Seems an odd insult to lob at a tech audience, but whatever.
>* You have a personal tracing device in your pocket RIGHT NOW (your phone).
Actually it's on my desk ;) And I have as much of the tracking stuff as I can turned off most of the time
>* You have listening devices in your home RIGHT NOW (Smart TV, digital assistant, games console...)
Nope. The TV is dumb, I have a phobia about digital assistants, and I don't use or enable voice on my consoles
>* You have behaviour monitoring devices RIGHT NOW (activity tracker, internet connect fridge, home automation...)
My activity trackers are tracking the activity of the drawers they're languishing in. My fridge cannot connect to the internet (unless it's gained sentience and can now walk to a computer). I do have "smart" bulbs (not my idea) - which will tell anyone tracking that we turn the lights on when it gets dark and turn them off around the same point every night.
>* You are using facial recognition RIGHT NOW (Facebook, Windows, Apple...)
I have facial recognition on my Windows tablet. Which actually only seems to recognise one pair of glasses and not my actual face. Or any of my other glasses.
>* You are happy to be tracked RIGHT NOW (advertising)
My ad blocker etc usage would suggest otherwise.
My tracking bingo card tells me you forgot to mention travel cards such as Oyster, bank cards, loyalty cards and online shopping.
>If you are happy with all of those (and it seems you are given the up-take), then why are you getting >your gusset in such a twist of over the Met applying technology to public safety? Oh whoops, it's a >false positive. Big deal. 30 seconds out of your day to provide ID and carry on.
I don't live in a country where carrying ID is mandatory, and as I have no need to carry it on a regular basis I don't.
>If anything it will IMPROVE matters massively for those affected by the racist stop-and-search >policies as the AI system won't have the inherent biases of the prejudicial police officers.
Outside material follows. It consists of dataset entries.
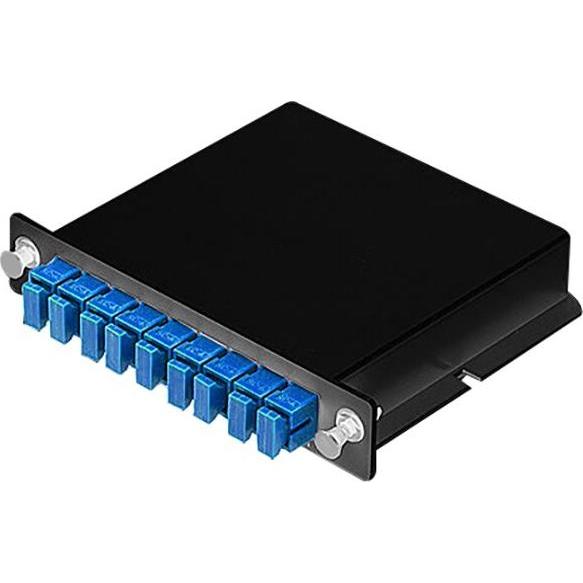 BlueLAN Splitter PLC BlueOptics 1x8 Cassetta plug-in LC-APC LC-APC, Ricetrasmettitore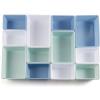 imageAmazon Basics Kids Toy Storage Organizer with 12 Plastic Bins Grey Wood with Blue Bins 109quotD x 336quotW x 311quotH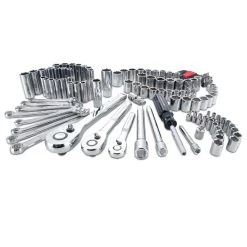 Craftsman 1/4, 3/8 And 1/2 In. Drive Metric And SAE 6 And 12 Point Mechanic's Tool Set 135 Pc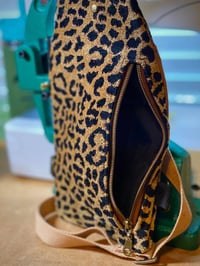 Image 5 of Plush Leopard Mini Traveler's Sling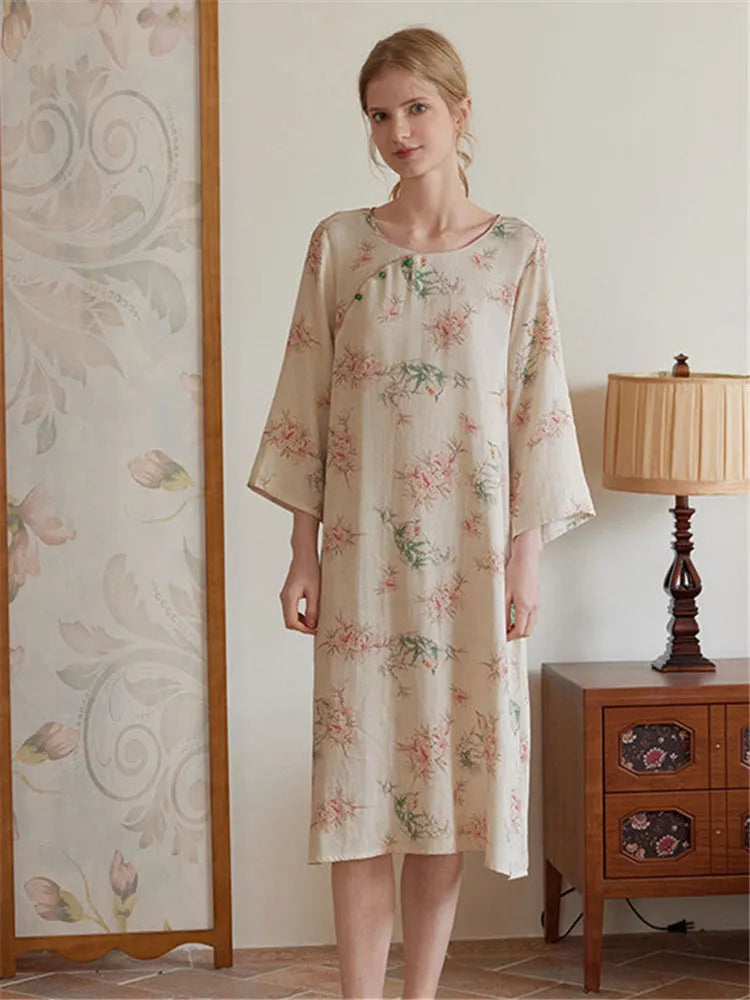 Eco-Friendly  Fiber Printed Pajama Set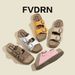 Women's Toast Style Sandals 4.5cm Platform Sole Genuine Leather Brown Apricot Gray Beige Summer Fashion Slippers_vogvips.com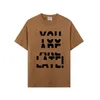 23ss designer de galerias moda camisetas homens mulheres camisetas marca manga curta hip hop streetwear tops roupas D-19 tamanho xs-xl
Hahahahanope. As others have mentioned it has difficulties telling darker skinned faces apart(*) , and add to that the biases of those who will be training it, then it's really not going to make things better.
>The technology still needs to advance, but once it have it will be a MASSIVE BOON to society by >helping us to identify risk individuals before they have would have become known by traditional >means.
We've had incidents where people have been deemed to be at risk of causing violence by those closest to them, who have reported those people to the authorities, who've not taken action. This is people being reported by those who know them well, and who are in a good position to judge change in character, behaviours etc. What on earth makes you think facial recognition will improve this? How does "this face looks vaguely like this other face" improve on "this person has become more extreme in their views and I have reason to believe they will carry out their threats of violence"?
>More importantly, it will help prevent the police from wasting their time and innocent people
>who happen to be "the wrong colour".
Only if it improves enough to be able to detect differences in all skin tones equally. Only if accuracy improves so police aren't wasting their time chasing down people who look a bit like someone else. Only if you think the police fail to apprehend the "correct" people because they're wasting time chasing after innocent people. Only if you thing human biases won't affect how human police officers interpret the results of the AI.
>Get your heads out of your collective bum.
I think it's you has your head in yours.